To live with transceivers with a 25dB power budget, the insertion loss of the passive distribution network must be minimised, explaining why filters are favoured.

The other main benefit of using filters is security. With a filter-based PON, wavelength point-to-point connections result. This is an issue with PON where traffic is shared.

Filter-Based WDM product family covers following wavelength windows commonly used in optical fiber systems: 1310/1550nm (for WDM or DWDM optical communications), 1480/1550nm (for high-power DWDM optical amplifier and EDFA), 1510/1550nm (for DWDM multi-channel optical networks) and 980/1550nm (for high performance DWDM optical amplifier and Erbium-Doped Fiber Amplifier) and 1310/1490/1550nm (for PON, FTTX and test instrument).

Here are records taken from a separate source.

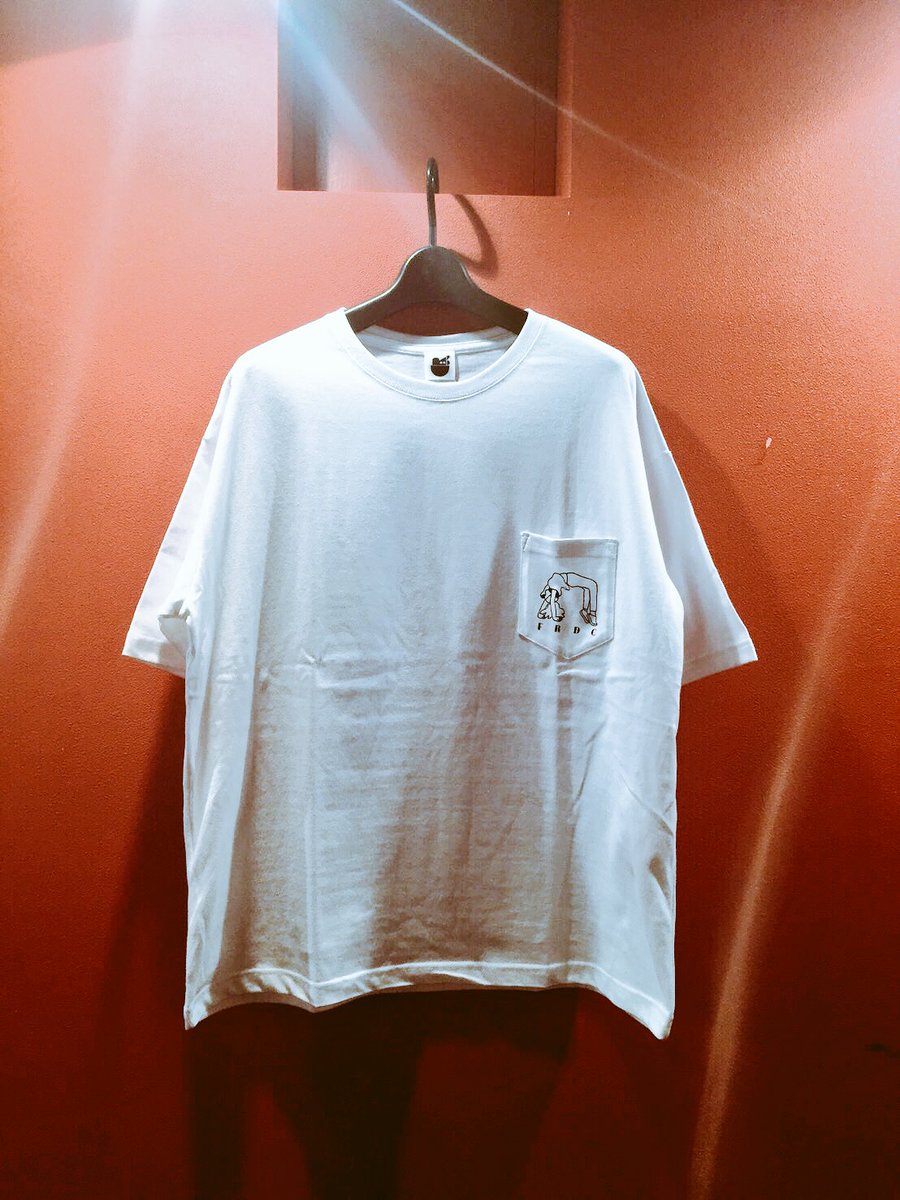 フレデリックofficial בטוויטר ちょこっとフレデリック グッズ紹介 Bridge Girl Pocket Tシャツ ついにbigサイズtシャツが登場 普段着でも着れるシンプルなデザイン Size M L 3500 ポケットに注目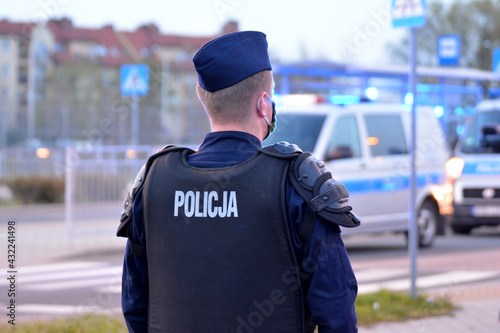 Policjant prewencji policji polskiej na służbie wieczorem. 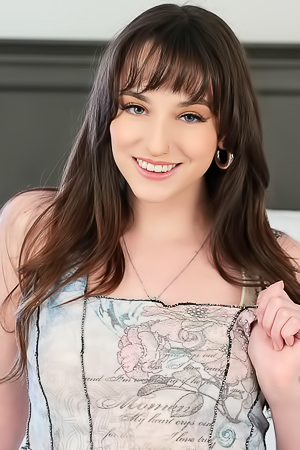 Lana Smalls Getting Her Pussy Pounded Hard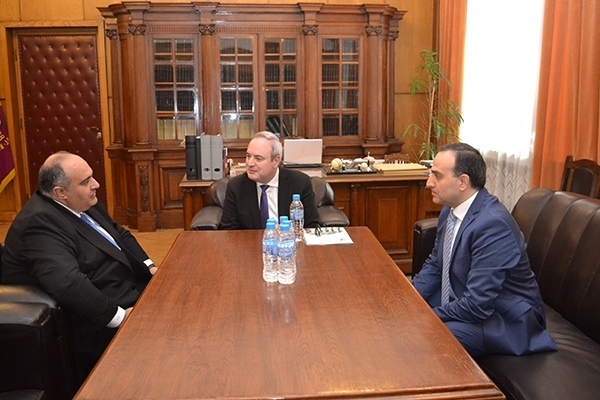 Ректорът на Софийския университет проф дфн Анастас Герджиков се срещна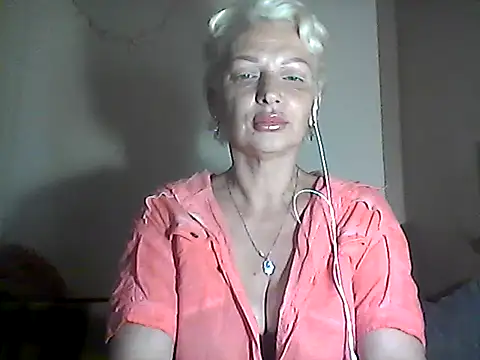 Snapshot of MaryJane441 chatting on 07/04/26, 08:48 MaryJane441 online show from 07/04/26, 08:48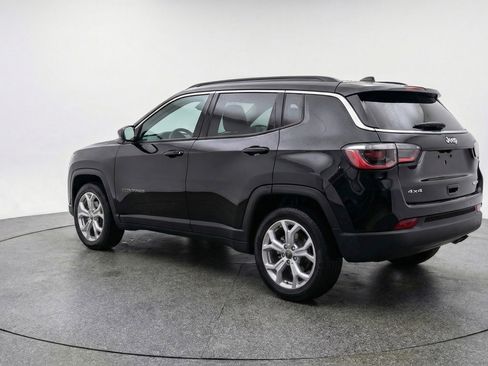 Used 2025 Jeep Compass Latitude AWD/4WD image 6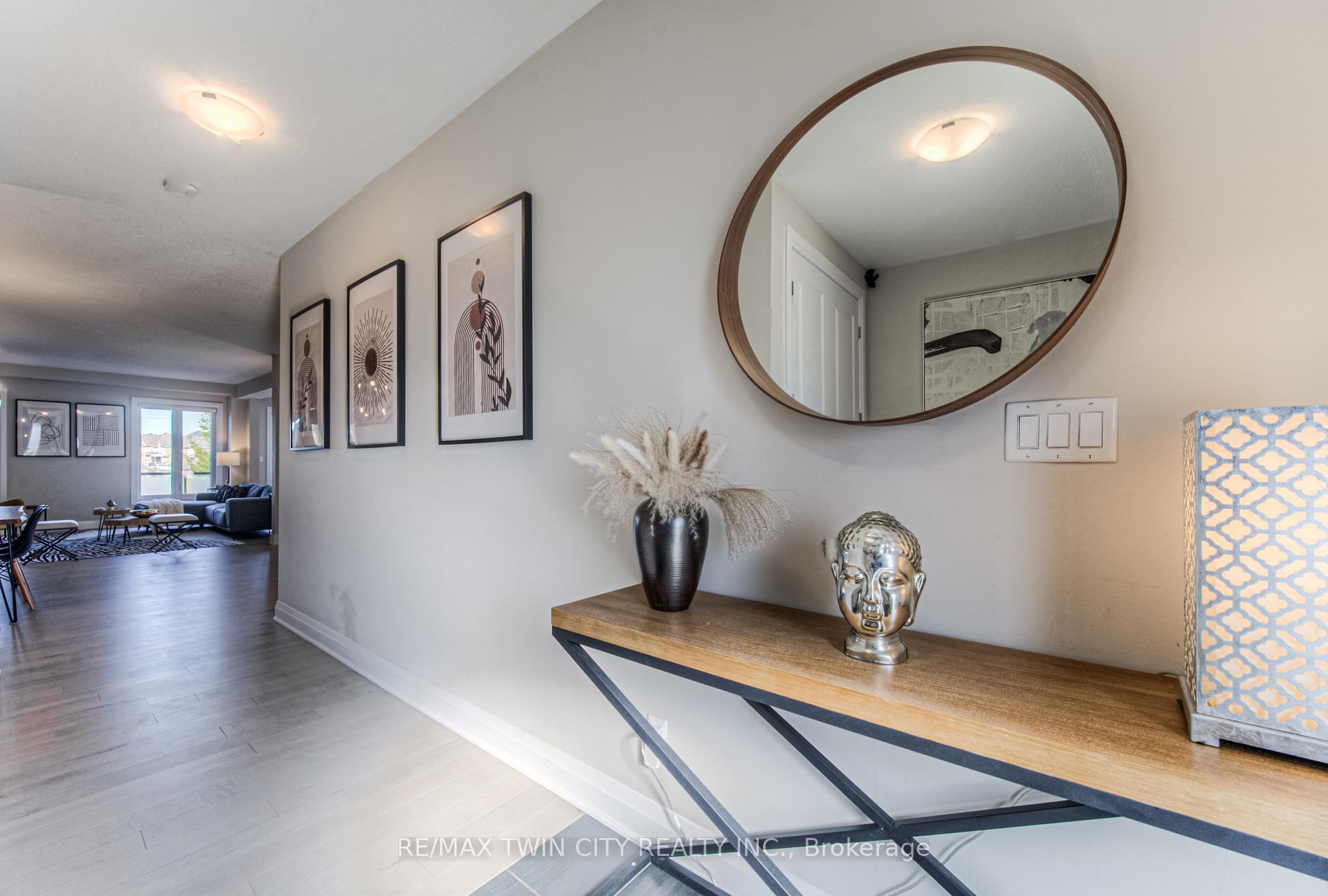 Photo 6 of 904 Thomas Pedder Court, Kitchener — HOMEH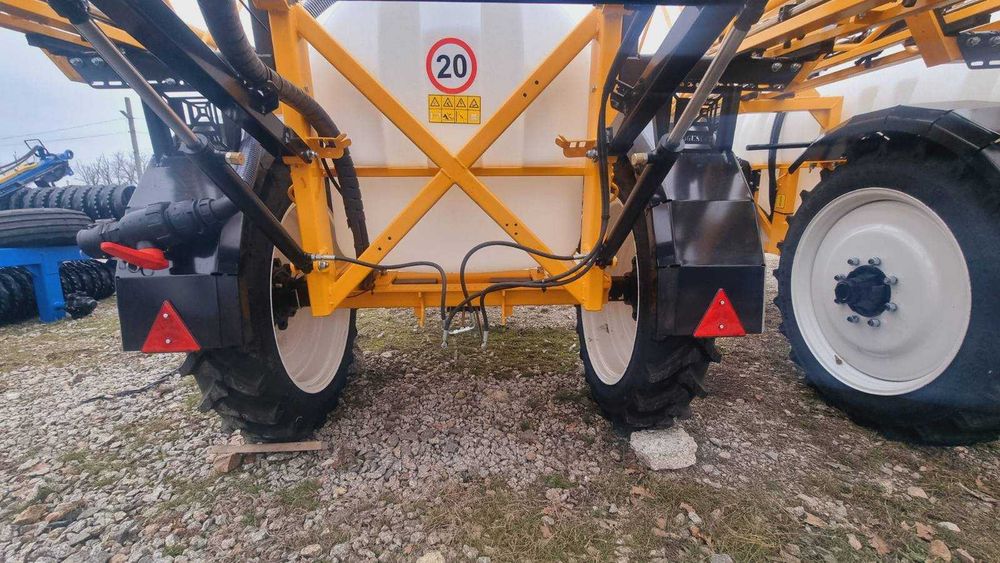 Обприскувач Одісей 2000-18 м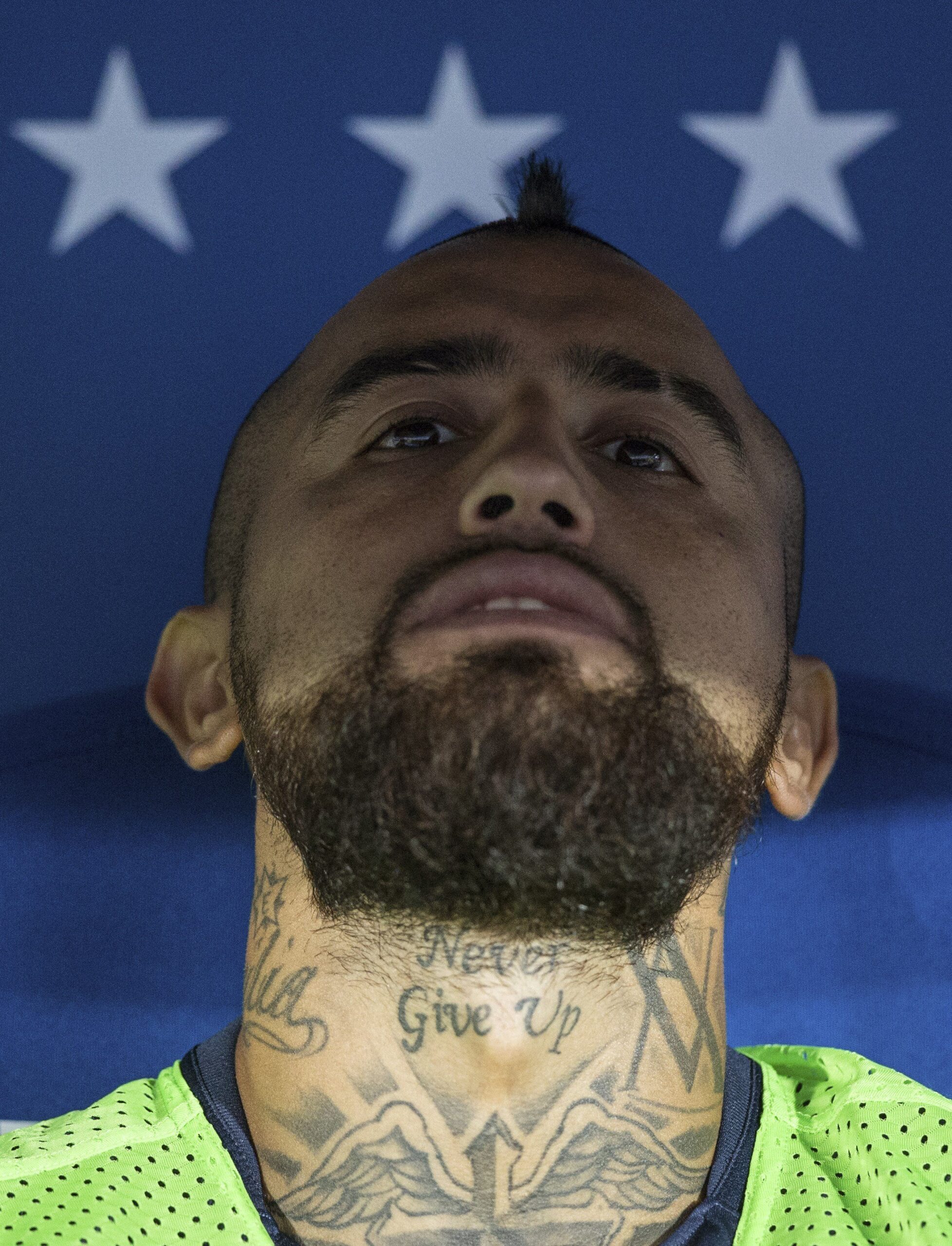Arturo Vidal Never Give Up neck tattoo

1310/1490/1550 FTTX FWDM is based on filter based platform for optical device. 1490/1310/1550nm FTTH FWDM can realize the multiplexing and de-multiplexing of two communication signal 1490/1310 and 1550nm. It can expand the capacity of a single fiber to achieve bidirectional communication, so that widely used in optical network upgrade and expansion, or introduce new comprehensive business.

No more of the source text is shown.